“Pregnancy is a time of deep and wonderful transformation for a woman. A time when she may be faced with many life-changing decisions, questions and searching. A time that may evoke challenges, joys and fears. Each pregnancy is surrounded by its own unique story and each holds within it the very same common thread – of stepping into the unknown.”

Declan. Unexpected. Little Miracle. Bringer of Goodness.

I discovered I was pregnant with you in February 2014. I thought I had an ulcer. Nausea, weight loss, fatigue, loss of interest in food…I knew this feeling but told myself it was something else. Between finishing school, single parenting and running a business – I thought stress had gotten the best of me. I had recently opened an office and was working so much and caring for others so much that I assumed my health had suffered. When my boobs started growing I thought it was an Ayurvedic cream I was using. By the time 6 weeks rolled around, I knew I needed to take the test. Carrinna was in the shower while I did it. She was the first to find out. I can’t say she was excited at first, but now she loves you more than all of the stars in the sky.

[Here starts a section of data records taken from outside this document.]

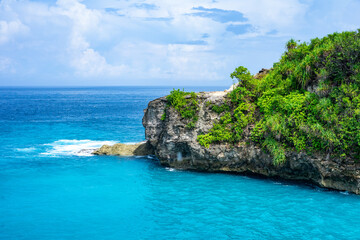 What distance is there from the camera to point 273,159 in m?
23.3

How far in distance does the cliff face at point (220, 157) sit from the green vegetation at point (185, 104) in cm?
42

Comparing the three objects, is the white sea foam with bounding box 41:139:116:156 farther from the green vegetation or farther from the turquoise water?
the green vegetation

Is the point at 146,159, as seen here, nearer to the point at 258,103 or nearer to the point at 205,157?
the point at 205,157

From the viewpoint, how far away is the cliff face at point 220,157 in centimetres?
2144

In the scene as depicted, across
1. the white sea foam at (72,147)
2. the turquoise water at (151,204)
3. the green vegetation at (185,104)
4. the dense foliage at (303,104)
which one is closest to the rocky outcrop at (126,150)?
the white sea foam at (72,147)

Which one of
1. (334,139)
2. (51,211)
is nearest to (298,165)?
(334,139)

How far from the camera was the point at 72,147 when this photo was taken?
37094mm

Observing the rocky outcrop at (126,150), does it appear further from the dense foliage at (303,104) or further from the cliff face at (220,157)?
the dense foliage at (303,104)

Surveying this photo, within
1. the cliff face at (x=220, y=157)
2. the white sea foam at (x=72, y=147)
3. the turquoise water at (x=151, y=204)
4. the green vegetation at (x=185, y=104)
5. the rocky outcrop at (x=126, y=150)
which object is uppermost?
the green vegetation at (x=185, y=104)

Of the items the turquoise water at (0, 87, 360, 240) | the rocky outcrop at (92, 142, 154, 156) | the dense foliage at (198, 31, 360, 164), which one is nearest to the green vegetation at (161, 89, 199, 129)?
the dense foliage at (198, 31, 360, 164)

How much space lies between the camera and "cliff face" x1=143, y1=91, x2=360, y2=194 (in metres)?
21.4

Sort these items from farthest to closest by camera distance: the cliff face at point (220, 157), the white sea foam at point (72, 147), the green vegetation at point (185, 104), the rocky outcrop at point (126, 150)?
the white sea foam at point (72, 147)
the rocky outcrop at point (126, 150)
the green vegetation at point (185, 104)
the cliff face at point (220, 157)

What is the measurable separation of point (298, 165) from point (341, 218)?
5.49m

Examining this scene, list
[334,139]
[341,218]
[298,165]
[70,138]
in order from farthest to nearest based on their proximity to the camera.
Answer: [70,138]
[298,165]
[334,139]
[341,218] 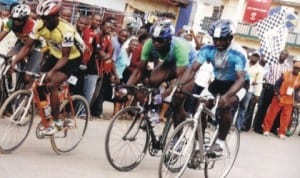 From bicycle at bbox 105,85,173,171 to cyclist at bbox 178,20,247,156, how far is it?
20.8 inches

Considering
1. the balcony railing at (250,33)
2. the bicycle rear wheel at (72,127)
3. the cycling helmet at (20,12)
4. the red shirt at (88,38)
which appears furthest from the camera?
the balcony railing at (250,33)

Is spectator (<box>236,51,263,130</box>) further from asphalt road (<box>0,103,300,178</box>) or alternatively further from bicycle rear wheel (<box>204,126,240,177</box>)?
bicycle rear wheel (<box>204,126,240,177</box>)

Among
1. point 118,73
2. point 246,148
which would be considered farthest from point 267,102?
point 118,73

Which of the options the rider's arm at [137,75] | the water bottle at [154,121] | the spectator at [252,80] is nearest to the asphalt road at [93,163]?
the water bottle at [154,121]

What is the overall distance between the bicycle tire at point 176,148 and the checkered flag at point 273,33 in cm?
893

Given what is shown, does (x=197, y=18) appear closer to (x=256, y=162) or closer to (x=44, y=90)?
(x=256, y=162)

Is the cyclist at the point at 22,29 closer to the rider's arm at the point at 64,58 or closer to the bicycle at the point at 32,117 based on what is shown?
the bicycle at the point at 32,117

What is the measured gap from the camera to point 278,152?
41.9 ft

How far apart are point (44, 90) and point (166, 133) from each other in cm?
163

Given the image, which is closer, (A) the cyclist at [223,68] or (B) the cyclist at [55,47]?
(A) the cyclist at [223,68]

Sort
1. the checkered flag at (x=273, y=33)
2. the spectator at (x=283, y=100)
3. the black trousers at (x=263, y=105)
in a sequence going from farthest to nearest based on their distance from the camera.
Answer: the checkered flag at (x=273, y=33), the black trousers at (x=263, y=105), the spectator at (x=283, y=100)

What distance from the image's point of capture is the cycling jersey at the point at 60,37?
743 centimetres

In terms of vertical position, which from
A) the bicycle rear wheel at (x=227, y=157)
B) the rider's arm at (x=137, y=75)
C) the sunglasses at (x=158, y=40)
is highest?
the sunglasses at (x=158, y=40)

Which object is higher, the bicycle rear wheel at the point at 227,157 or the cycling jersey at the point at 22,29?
the cycling jersey at the point at 22,29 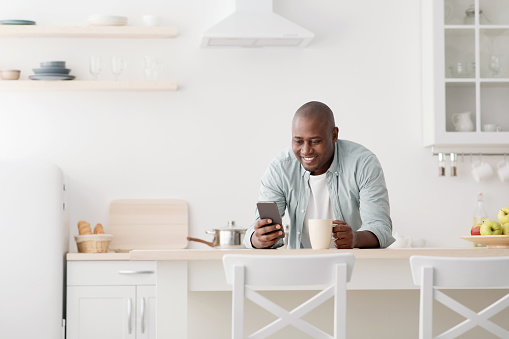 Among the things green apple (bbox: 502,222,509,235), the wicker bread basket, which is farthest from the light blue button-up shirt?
the wicker bread basket

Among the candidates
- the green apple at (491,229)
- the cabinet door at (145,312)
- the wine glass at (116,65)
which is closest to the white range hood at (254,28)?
the wine glass at (116,65)

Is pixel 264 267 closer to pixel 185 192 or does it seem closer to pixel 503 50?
pixel 185 192

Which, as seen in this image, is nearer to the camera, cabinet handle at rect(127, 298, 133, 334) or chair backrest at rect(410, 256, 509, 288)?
chair backrest at rect(410, 256, 509, 288)

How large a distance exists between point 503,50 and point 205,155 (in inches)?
71.3

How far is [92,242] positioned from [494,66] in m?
2.45

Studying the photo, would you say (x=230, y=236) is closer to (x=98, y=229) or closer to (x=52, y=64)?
(x=98, y=229)

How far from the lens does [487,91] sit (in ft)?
14.7

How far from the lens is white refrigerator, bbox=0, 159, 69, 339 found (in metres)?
3.99

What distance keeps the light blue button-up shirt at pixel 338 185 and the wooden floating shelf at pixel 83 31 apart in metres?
1.74

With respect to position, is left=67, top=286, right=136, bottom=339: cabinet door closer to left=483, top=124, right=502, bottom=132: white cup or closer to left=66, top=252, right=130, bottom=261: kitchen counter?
left=66, top=252, right=130, bottom=261: kitchen counter

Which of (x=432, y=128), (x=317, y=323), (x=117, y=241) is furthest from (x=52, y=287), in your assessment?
(x=432, y=128)

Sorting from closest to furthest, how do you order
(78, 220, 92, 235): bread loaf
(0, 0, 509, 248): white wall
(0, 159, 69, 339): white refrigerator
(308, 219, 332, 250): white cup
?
(308, 219, 332, 250): white cup
(0, 159, 69, 339): white refrigerator
(78, 220, 92, 235): bread loaf
(0, 0, 509, 248): white wall

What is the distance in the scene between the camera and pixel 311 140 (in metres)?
2.79

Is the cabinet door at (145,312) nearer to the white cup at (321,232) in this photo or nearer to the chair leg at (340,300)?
the white cup at (321,232) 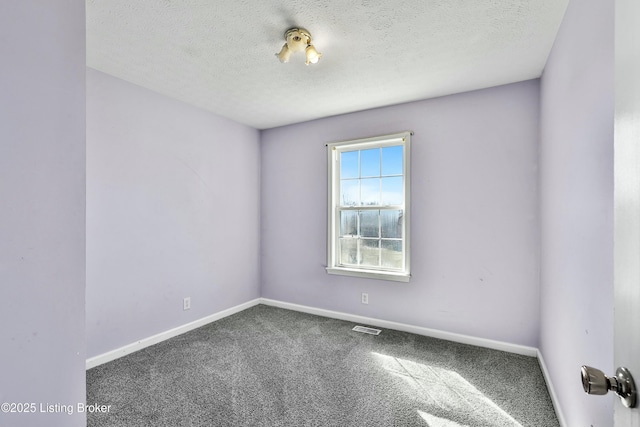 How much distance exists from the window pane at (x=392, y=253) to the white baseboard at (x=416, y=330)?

Pregnancy was blissful in the second trimester. I was feeling like the embodiment of the divine feminine. I was glowing. People kept asking me if this was my first baby. This pregnancy was the healthiest for sure. Yoga and a vegetarian diet had primed my body for you. I felt great and loved those moments with you – feeling you move, hearing your heartbeat, planning your arrival with my doula and your Dad. You were so loved and so welcome. The world was waiting for your sweetness.

The third trimester was more complicated than I could have ever imagined. Around my eight month I suffered some pretty intense emotional trauma. It sort of sent me spinning. Thank God for family and friends, Ashrams and practice. I was so supported and so vulnerable. What a strange, heart opening time for me. My body responded with injury, as is wont to happen, and I spent the last two months healing and falling ever more deeply in love with you.

The day you were born:
September 22, 2015 10:22 am
Sunshine

What a long night. I had been laboring for days it seemed – 51 hours in total. Prodromal labor – contractions, erratic and ineffective, but strong.  Your Dad was so excited, like a hyper puppy (it was really cute). My friends and the girls were all anxiously awaiting word of your arrival. I couldn’t wait to hold you in my arms and to look into your eyes. One night, as your Dad and I finished watching Lord of The Rings, I stood up to go to bed and my water broke. Just like that. There was a flash of pure joy and relief. I had wanted to labor at home but as I walked down the hallway and fell to my knees with the  pain of the contraction, we decided to head to the hospital. We decorated the room with christmas lights and a tapestry from Amma to set a relaxed mood. Played Yoga and Meditation music and kept it quiet and dark. My doula and your father held my hips every contraction for twelve hours it seemed. I didn’t want pain meds and I am so glad I stuck to that! The doctor came in and bullied me about using Pitocin. I was surprised by that and proud I was firm in my refusal despite her pressure. As labor progressed, I found chanting AUM to be immensely helpful. The vocal folds are attached to the pelvic floor and never has this been more evident for me. The Mantra Sa Ta Na Ma and Yogic breathing exercises helped as well. By the time you were ready to come it was twelve hard hours later. Your were born with Shoulder Dystocia, which means your shoulder was literally stuck on the pubic symphysis and only your head was delivered. It was the scariest moment of my life. To see your little purple face and fail at pushing the rest out. For a moment. Then by the grace of God and the encouragement of my amazing team you arrived. Healthy as can be with a great APGAR score and a robust 8.3 lbs and 20.75 inches long. You looked into my eyes and my heart melted. The most wonderful moment of my life. I love you more than words.